Donc, impossibilité de s'entendre, impossibilité de mettre l'hélice en place. Cela pouvait durer longtemps, à moins que le gouvernement n'intervînt. Mais, aux Etats-Unis, on le sait, le gouvernement n'aime point à s'immiscer dans les affaires privées, ni à se mêler de ce qui ne le regarde pas. En quoi il a raison.

Les choses en étaient là, et cette séance du 13 juin menaçait de ne pas finir ou plutôt de finir au milieu du plus épouvantable tumulte - injures échangées, coups de poing succédant aux injures, coups de canne succédant aux coups de poing, coups de revolver succédant aux coups de canne -, quand, à huit heures trente-sept, il se fit une diversion.

L'huissier du Weldon-Institute, froidement et tranquillement, comme un policeman au milieu des orages d'un meeting, s'était approché du bureau du président. Il lui avait remis une carte. Il attendait les ordres qu'il conviendrait à Uncle Prudent de lui donner.

Uncle Prudent fit résonner la trompe à vapeur qui lui servait de sonnette présidentielle, car même la cloche du Kremlin ne lui aurait pas suffi!... Mais le tumulte ne cessa de s'accroître. Alors le président « se découvrit », et un demi-silence fut obtenu, grâce à ce moyen extrême.
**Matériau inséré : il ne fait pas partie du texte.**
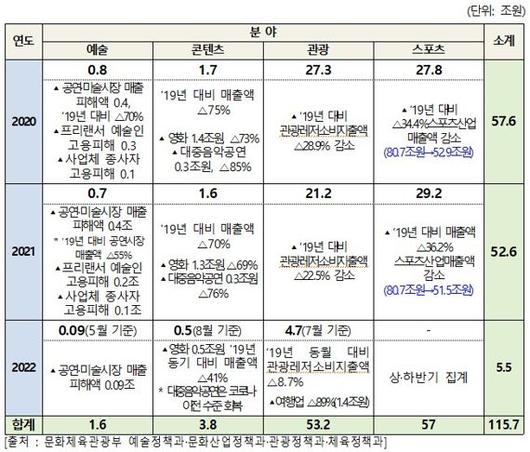 파이낸셜뉴스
« Une communication! dit Uncle Prudent, après avoir puisé une énorme prise dans la tabatière qui ne le quittait jamais.

- Parlez! parlez! répondirent quatre-vingt-dix-neuf voix, - par hasard, d'accord sur ce point.

- Un étranger, mes chers collègues, demande à être introduit dans la salle de nos séances.

- Jamais! répliquèrent toutes les voix.

- Il désire nous prouver, paraît-il, reprit Uncle Prudent, que de croire à la direction des ballons, c'est croire à la plus absurde des utopies. »

Un grognement accueillit cette déclaration.

« Qu'il entre qu'il entre!

- Comment se nomme ce singulier personnage? demanda le secrétaire Phil Evans.

- Robur, répondit Uncle Prudent.

- Robur!... Robur!... Robur! hurla toute l'assemblée.

Et, si l'accord s'était si rapidement fait sur ce nom singulier, c'est que le Weldon-Institute espérait bien décharger sur celui qui le portait le trop-plein de son exaspération.

La tempête s'était donc un instant apaisée, - en apparence du moins. D'ailleurs comment une tempête pourrait-elle se calmer chez un peuple qui en expédie deux ou trois par mois à destination de l'Europe, sous forme de bourrasques?

III

Dans lequel un nouveau personnage n'a pas besoin d'être presenté, car il se presente lui-même.

Citoyens des Etats-Unis d'Amérique, je me nomme Robur. Je suis digne de ce nom. J'ai quarante ans, bien que je paraisse n'en pas avoir trente, une constitution de fer, une santé à toute épreuve, une remarquable force musculaire, un estomac qui passerait pour excellent même dans le monde des autruches. Voilà pour le physique. »

On l'écoutait. Oui! Les bruyants furent tout d'abord interloqués par l'inattendu de ce discours pro facie suâ. Etait-ce un fou ou un mystificateur, ce personnage? Quoi qu'il en soit, il imposait et s'imposait.